┌──

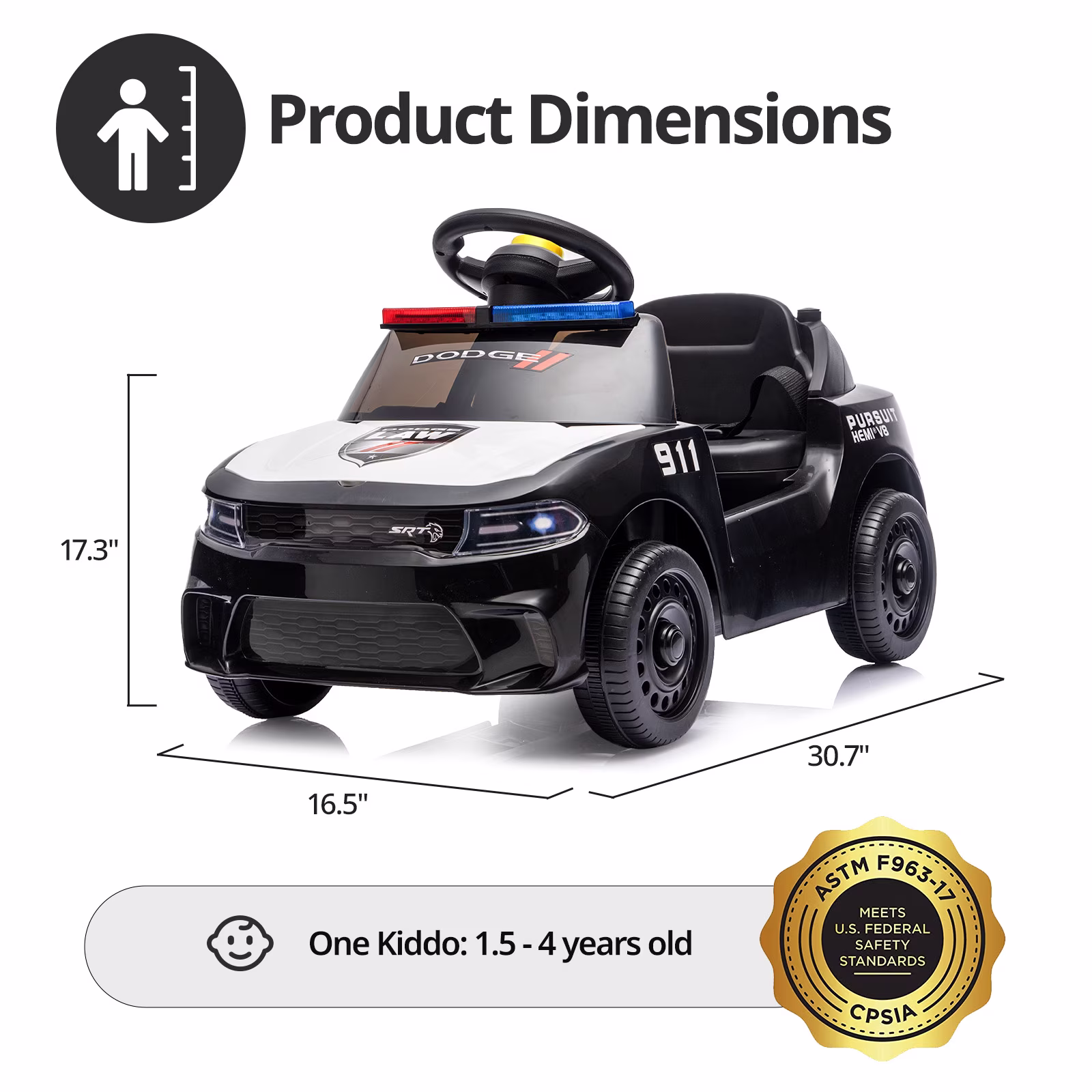 Licensed Dodge Ride on Toy, Toddler Electric Police Car for Kids 1 to 3 with Lights,Music - Image 3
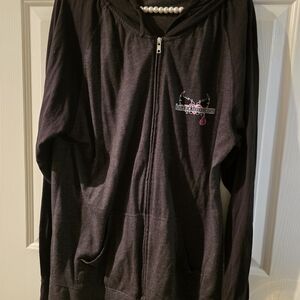 LoveKickboxing Zip-Up Hoodie in Black with Pink Accent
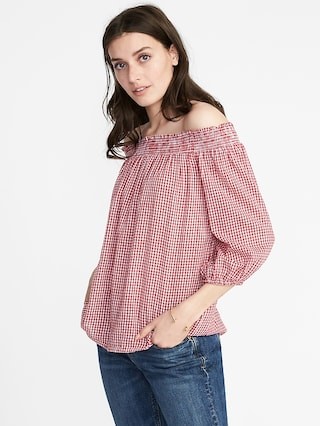 Old Navy Womens Off-The-Shoulder Gingham Top For Women Red Gingham Size L | Old Navy US
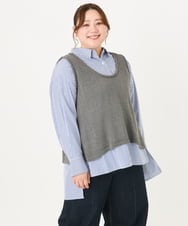 OLFCA02079 eur3(エウルキューブ) 【大きいサイズ】テープヤーンニットベスト ダークグレー(93)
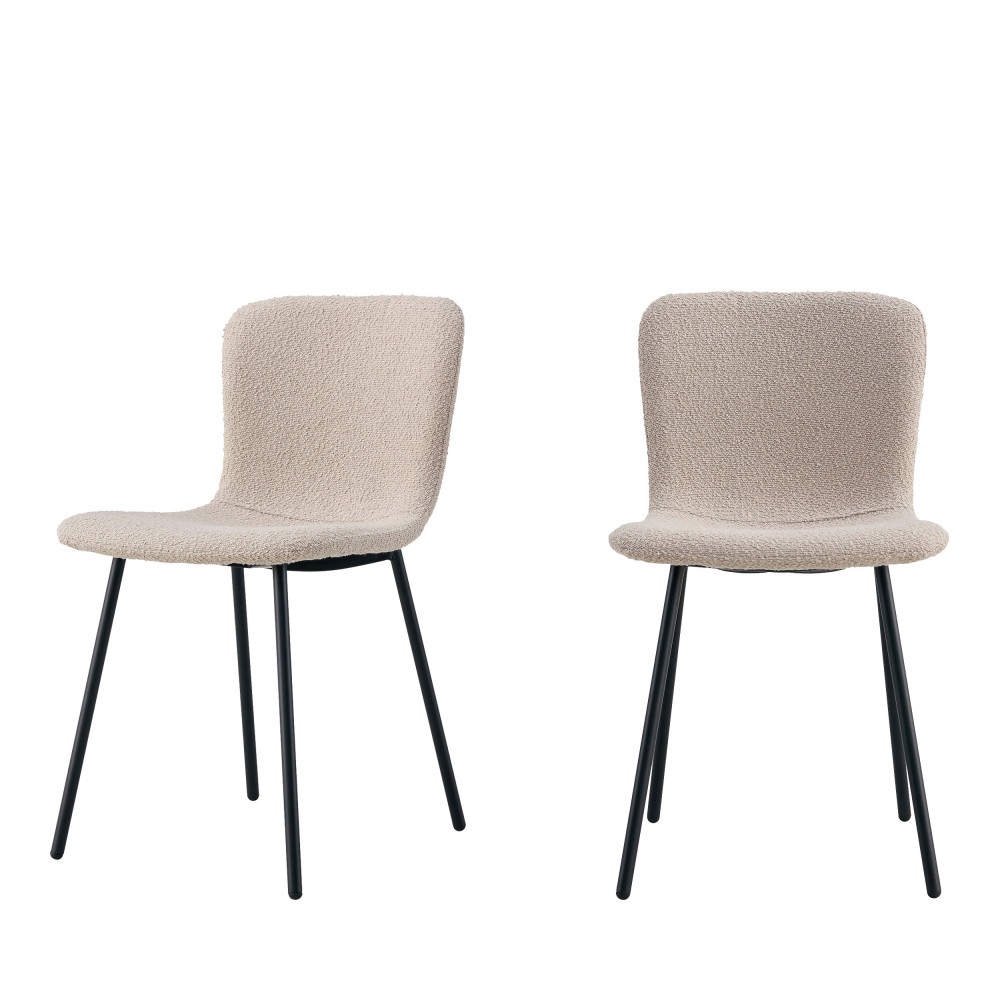 Halden - Lot de 2 chaises en tissu bouclette et métal - Couleur - Beige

└──

Skip every picture. Repeat word for word the lines from the line holding "LoveKickboxing Zip-Up Hoodie" through the end of the entries above.

**Answer to this task:**
 LoveKickboxing Zip-Up Hoodie in Black with Pink Accent
 Old Navy Womens Off-The-Shoulder Gingham Top For Women Red Gingham Size L | Old Navy US
 OLFCA02079 eur3(エウルキューブ) 【大きいサイズ】テープヤーンニットベスト ダークグレー(93)
 Halden - Lot de 2 chaises en tissu bouclette et métal - Couleur - Beige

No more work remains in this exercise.